Andrea Agnelli per la Juventus e Florentino Pérez per il Real Madrid, i due maggiori artefici della Superlega elitaria, si sono dovuti arrendere all’evidenza dei veti incrociati, dovuti a un’enorme mobilitazione dell’opinione pubblica a livello nazionale e continentale. Ricordiamoci che Agnelli aveva parlato di un “patto di sangue” tra top club, che è evaporato quasi con la stessa rapidità con cui era stato enunciato.
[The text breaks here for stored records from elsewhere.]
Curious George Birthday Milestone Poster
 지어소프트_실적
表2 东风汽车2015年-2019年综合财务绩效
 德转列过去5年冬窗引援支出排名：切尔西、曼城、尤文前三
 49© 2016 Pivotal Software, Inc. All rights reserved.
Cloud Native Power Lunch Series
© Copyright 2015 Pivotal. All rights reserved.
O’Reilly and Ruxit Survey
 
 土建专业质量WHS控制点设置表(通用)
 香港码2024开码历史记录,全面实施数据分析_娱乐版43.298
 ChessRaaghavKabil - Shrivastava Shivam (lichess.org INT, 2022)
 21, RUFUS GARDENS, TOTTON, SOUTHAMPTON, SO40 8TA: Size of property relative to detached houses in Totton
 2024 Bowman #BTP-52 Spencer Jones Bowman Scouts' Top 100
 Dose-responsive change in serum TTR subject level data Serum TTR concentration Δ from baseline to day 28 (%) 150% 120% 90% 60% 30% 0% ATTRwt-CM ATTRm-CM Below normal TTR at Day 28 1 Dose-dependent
Eccessiva fretta? Sottostima della reazione popolare? Una ridiscussione sui valori etici sportivi di base, i quali cercano di premiare, a parità di condizioni economiche, il più possibile il merito? I club non avrebbero potuto, inoltre, aspettare un momento differente, e forse più propizio, per avanzare questa iniziativa? A proposito del punto della reazione, un sondaggio commissionato da Swg tra i tifosi italiani ha dato un inconfutabile e netto parere negativo all’iniziativa.
I notevoli ammanchi economici accumulati dai grandi club a causa della pandemia provengono soltanto dai minori introiti negli stadi? Il discorso dei passivi economici societari di alto “rango”, in realtà, andrebbe esteso agli ingaggi decisamente spropositati di certi atleti, anche perché la maggior parte dei proventi dei top club arriva dalla vendita dei diritti tv, che non hanno avuto flessione, e in altri mass media a pagamento, per un rapporto complessivo del 90 per cento.
A questo punto bisognerebbe capire se le intenzioni di Agnelli, di Pérez e dei loro colleghi siano state dettate da un bisogno, all’apparenza improrogabile e insindacabile, di creare questa Superlega pena l’estinzione del calcio internazionale come lo conosciamo (afferma lo stesso Pérez, altrimenti “siamo tutti morti”), oppure se questo programma non abbia altri scopi. Quali? Che i club abbiano escogitato questo tipo di “messinscena” per apparire come vittime, con cinismo, della situazione sanitaria, e quindi per accedere a una fetta dei soldi del Recovery Fund, dirottandoli da obiettivi con maggiore urgenza sociale. Non vorremmo che, alla fine della guerra, i due contendenti, l’ex Superlega e la Uefa si mettessero d’accordo a spese di terzi. Questo sospetto è presente in quanto, negli ultimi giorni è calato un innaturale silenzio sulla vicenda.
Mentre il governo italiano sta attualmente discutendo in Parlamento sul Recovery, qualche dirigente calcistico di alto rango non starà forse tramando nell’ombra con i vertici dell’Uefa per dirottare le eventuali riserve del fondo? Un altro sospetto per la creazione della Superlega proviene dalla posizione in classifica, ormai a pochi turni dalla fine dei campionati, di alcuni dei 12 club “fondatori”, considerando che in Italia, così come in Inghilterra e Spagna accedono alla successiva edizione della Champions League le prime quattro squadre in graduatoria. Juventus e Milan non navigano in acque molto tranquille, così come Liverpool, Tottenham e Arsenal. Questa Superlega non potrebbe quindi servire per permettere a tali società “svantaggiate” in patria di accedere a un campionato fortemente elitario non potendo accedere all’altro, la Champions?
Il calcio, se si vuole davvero difenderlo per com’è nato e cresciuto negli ultimi 100 anni, va tutelato in ogni sua componente, preservando i vivai delle società e abbassando drasticamente le quote di ingaggi e degli sponsor che hanno creato differenze abissali tra tutte le serie agonistiche, non scordandosi mai che questo è uno degli sport più popolari e amati.
Per disputare una gara, in fondo, bastano soltanto una palla, due porte, magari qualche riga sul terreno e soprattutto l’ingrediente fondamentale: il puro e genuino desiderio di giocare per socializzare con altre persone, senza calcoli o interessi secondari.